• **Material shown**
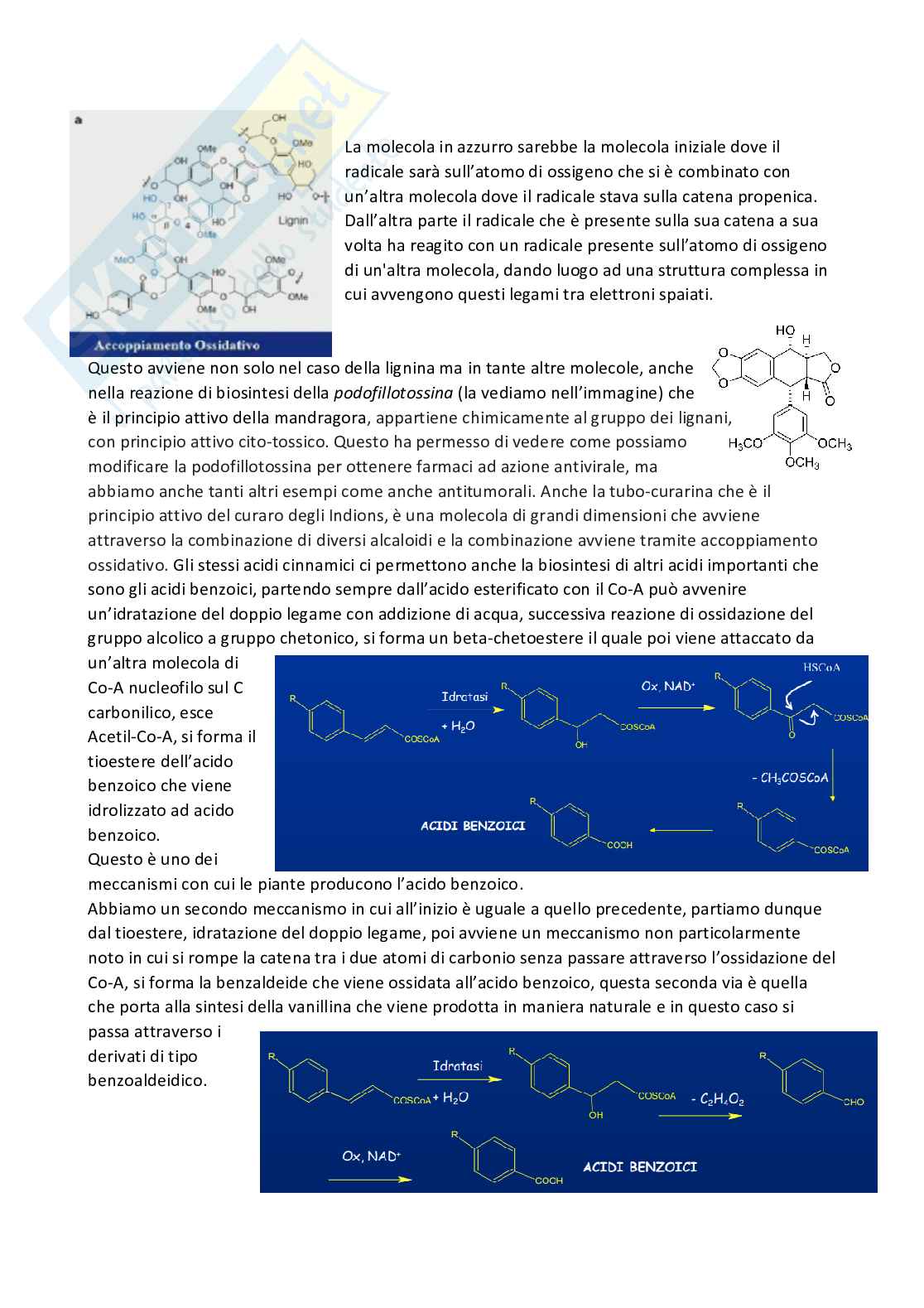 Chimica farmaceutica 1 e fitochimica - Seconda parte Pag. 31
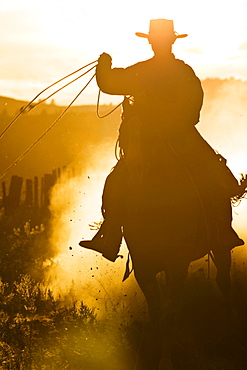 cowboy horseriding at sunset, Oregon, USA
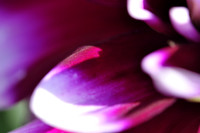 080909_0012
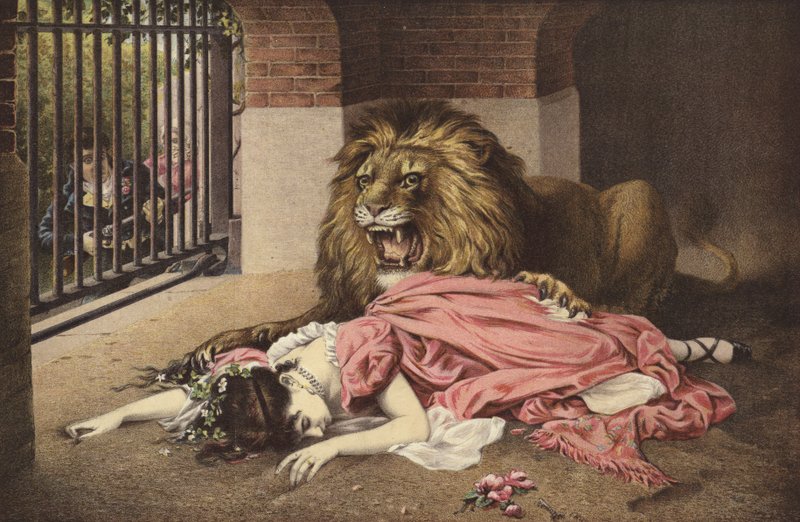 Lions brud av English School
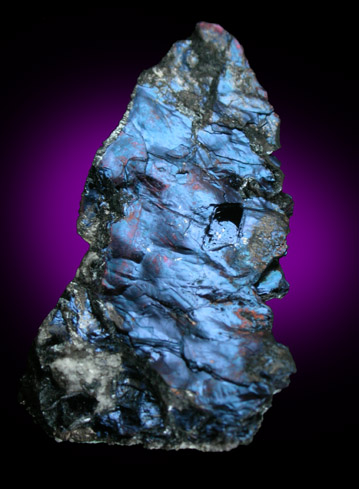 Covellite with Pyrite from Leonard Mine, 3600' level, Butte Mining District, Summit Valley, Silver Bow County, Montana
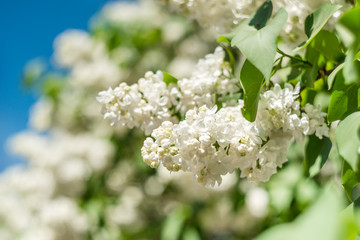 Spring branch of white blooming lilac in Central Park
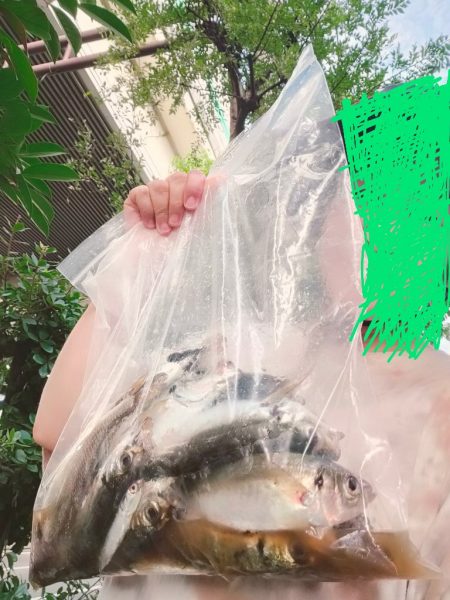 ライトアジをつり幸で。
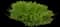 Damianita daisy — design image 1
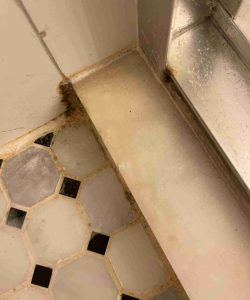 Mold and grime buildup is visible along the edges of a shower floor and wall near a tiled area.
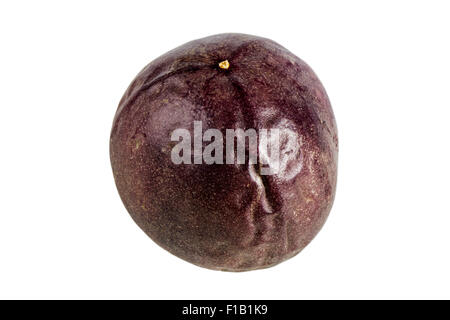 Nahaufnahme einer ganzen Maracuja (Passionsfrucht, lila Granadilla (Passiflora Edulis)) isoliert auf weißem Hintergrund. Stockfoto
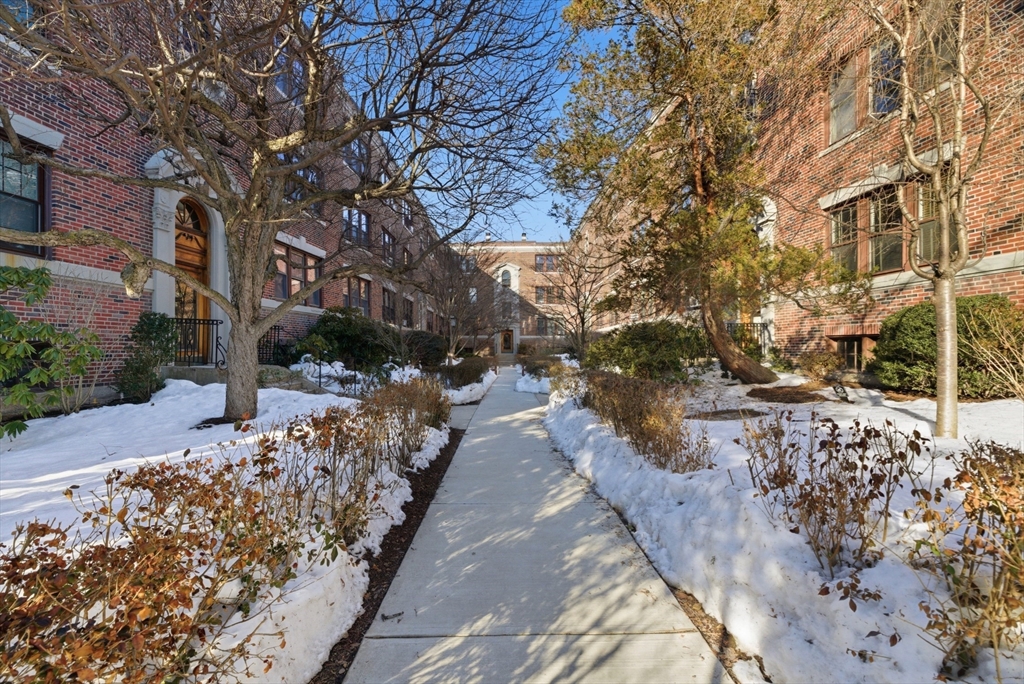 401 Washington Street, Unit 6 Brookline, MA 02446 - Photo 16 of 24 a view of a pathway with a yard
--
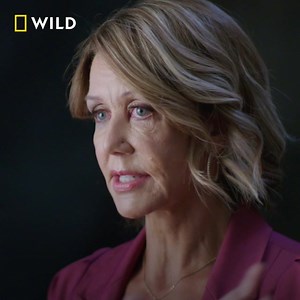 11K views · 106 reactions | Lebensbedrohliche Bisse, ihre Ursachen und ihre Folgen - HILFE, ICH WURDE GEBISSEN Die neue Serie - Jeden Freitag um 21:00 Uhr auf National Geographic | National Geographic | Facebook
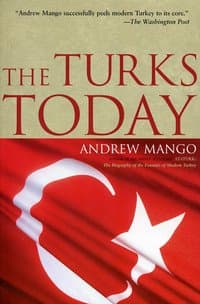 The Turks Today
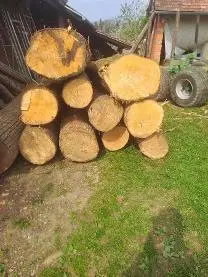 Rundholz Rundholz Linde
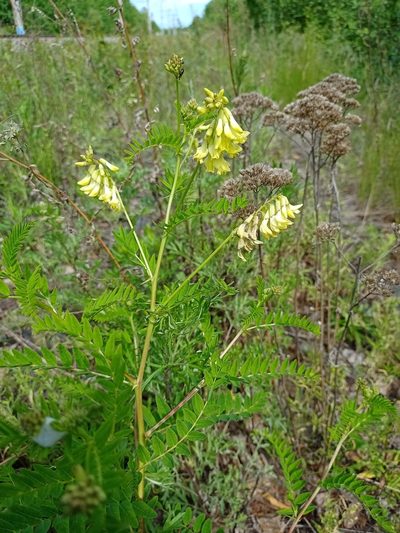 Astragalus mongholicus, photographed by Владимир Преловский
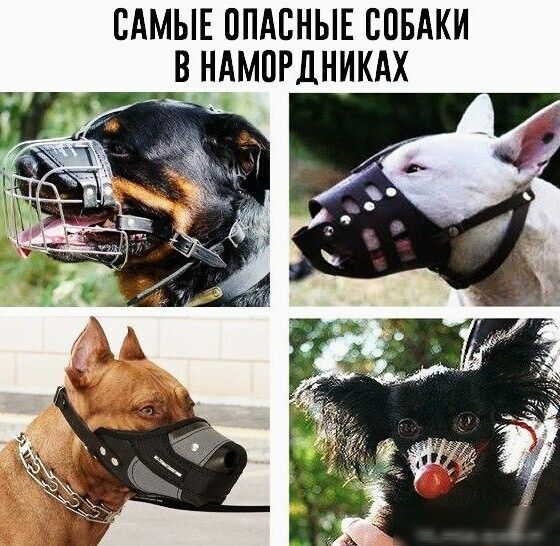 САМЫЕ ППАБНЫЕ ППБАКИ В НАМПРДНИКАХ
==
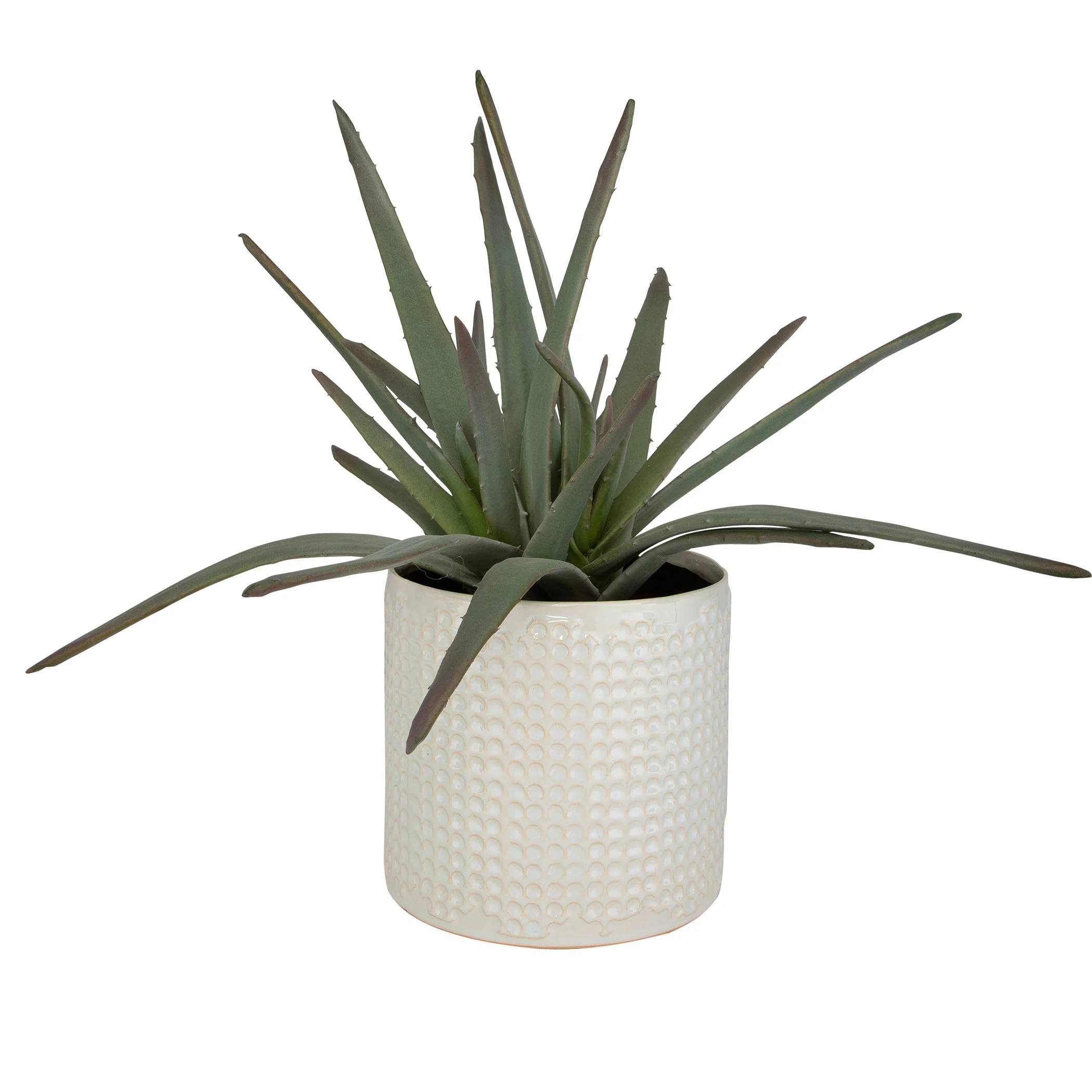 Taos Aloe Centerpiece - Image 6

• **Your assignment**
Every line above in the stretch from the one with "Spring branch of" through the one with "401 Washington Street, Unit" is to be transcribed exactly, ends included. No picture is copied.

• **Exercise output**
 Spring branch of white blooming lilac in Central Park
 ライトアジをつり幸で。
 Damianita daisy — design image 1
 Mold and grime buildup is visible along the edges of a shower floor and wall near a tiled area.
 Nahaufnahme einer ganzen Maracuja (Passionsfrucht, lila Granadilla (Passiflora Edulis)) isoliert auf weißem Hintergrund. Stockfoto
 401 Washington Street, Unit 6 Brookline, MA 02446 - Photo 16 of 24 a view of a pathway with a yard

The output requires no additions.